Charlotte Schneider gehört zum Betreibertrio der Potsdamer Kletterhalle. 
Charlotte Schneider gehört zum Betreibertrio der Potsdamer Kletterhalle. 

© Ottmar Winter

Die ersten Kurse per Videoschalte gab es in der vergangenen Woche, in dieser Woche wird das Angebot erweitert, auch für Kids soll es Workouts geben. „Ich denke, gerade für sie ist es wichtig, wenn sie auch weiterhin mit einem Trainer als vertraute Person in Kontakt bleiben können“, sagt Lotte Schneider.

Unter normalen Umständen hängen die Kletter-Enthusiasten aus der Babelsberger Gartenstraße an Felswänden in Tschechien oder Frankreich, wenn sie nicht in der eigenen Boulderhalle den Spaß an ihrem Sport vermitteln. Jetzt betreten sie Neuland. „Wir sind total unerfahren mit Onlinekursen“, sagt Lotte Schneider und scherzt: „Wir sind sonst ja eher analog unterwegs.“ Die Trainer brauchen nun Mikrofone, Webcams, Scheinwerfer, starkes WLAN, Adapter, HDMI-Stecker. „Und am besten alles sofort. Aber das ist gar nicht so einfach, wenn keine Geschäfte offen haben“, beschreibt Lotte Schneider die Auswirkungen auf den Einkaufsalltag, die nicht nur sie in diesen Wochen macht.

Solidarität, Vorleistung und Ausgabenreduzierung

Langeweile jedenfalls gab es in den vergangenen Tagen trotz verschlossener Türen nicht in der Kletterhalle. Die ist inzwischen von Grund auf gereinigt, notwendige Reparaturen sind gemacht, die neuen Trainingsformate entwickelt. „Wir geben weiter Vollgas“, sagt Lotte Schneider, „das hilft uns selbst am besten und es bleibt kein Raum für schlechte Gedanken.“

Auf 1000 Quadratmetern kann geklettert werden - eigentlich war auch noch eine große Erweiterung geplant. 
Auf 1000 Quadratmetern kann geklettert werden - eigentlich war auch noch eine große Erweiterung geplant. 

© Ottmar Winter

Die 32-jährige BWL-Studentin geht davon aus, dass die Boulderhalle noch einige Monate geschlossen bleiben muss. „Das ist nur so ein Gefühl, das ich nicht belegen kann“, sagt sie. Aber sie und ihre Teamgefährten seien im ständigen Austausch mit anderen Hallenbetreibern in Deutschland. Sechs Monate Schließzeit werden in der Szene befürchtet, Lotte Schneider übt sich in Zweckoptimismus: „Ich persönlich bin bei vier Monaten.“ Sie glaube, dass Sportstätten und Veranstaltungsräume „die letzten sind, die wieder öffnen dürfen“.
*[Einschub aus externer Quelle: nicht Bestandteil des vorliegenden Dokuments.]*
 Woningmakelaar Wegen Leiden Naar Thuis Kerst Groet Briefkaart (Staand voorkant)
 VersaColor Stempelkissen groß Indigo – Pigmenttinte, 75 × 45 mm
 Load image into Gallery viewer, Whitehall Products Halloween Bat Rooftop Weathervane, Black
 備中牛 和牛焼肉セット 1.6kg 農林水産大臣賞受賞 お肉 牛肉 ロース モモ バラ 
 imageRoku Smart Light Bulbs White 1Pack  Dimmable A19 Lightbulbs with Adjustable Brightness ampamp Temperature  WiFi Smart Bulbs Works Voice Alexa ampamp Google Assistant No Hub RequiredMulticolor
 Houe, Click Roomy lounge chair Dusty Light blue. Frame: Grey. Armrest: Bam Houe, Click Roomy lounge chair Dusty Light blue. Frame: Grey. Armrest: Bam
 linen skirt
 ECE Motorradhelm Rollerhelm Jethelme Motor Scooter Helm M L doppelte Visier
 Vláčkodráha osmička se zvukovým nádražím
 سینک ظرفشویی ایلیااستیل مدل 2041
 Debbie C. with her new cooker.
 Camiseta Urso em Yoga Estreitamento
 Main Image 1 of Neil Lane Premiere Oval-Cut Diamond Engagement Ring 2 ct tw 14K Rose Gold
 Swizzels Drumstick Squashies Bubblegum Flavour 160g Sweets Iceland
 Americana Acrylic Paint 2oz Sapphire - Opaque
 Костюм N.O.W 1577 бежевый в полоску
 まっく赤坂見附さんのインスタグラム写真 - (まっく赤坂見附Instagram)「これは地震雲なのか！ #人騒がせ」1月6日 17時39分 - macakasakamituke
„Ein tolles und liebevolles Team“ gibt ihr Hoffnung und Kraft, die Zeit zu überstehen. „Wir arbeiten sehr miteinander und jeder ist darauf bedacht, dass es dem anderen gut geht.“ Und ihr hilft die ganz eigene Zuneigung und Liebe zum Klettern sowie die Überzeugung, „dass die Leute ja Sport machen müssen“, wofür es alternative Trainingsangebote brauche. Alle Kosten haben sie so geht es runtergefahren, sie fahren ein minimales Ausgabeprogramm, mit ihrem Vermieter verhandeln sie eine Halbierung der Miete. „Wir müssen in Vorleistung gehen, Freunde und Verwandte helfen uns, unsere Abo-Kunden zahlen ihre Beiträge weiter“, berichtet Lotte Schneider von viel Solidarität. Doch ist ihr klar, dass es ein ungeheurer Kraftakt wird, dass die Kletterer nicht abstürzen.  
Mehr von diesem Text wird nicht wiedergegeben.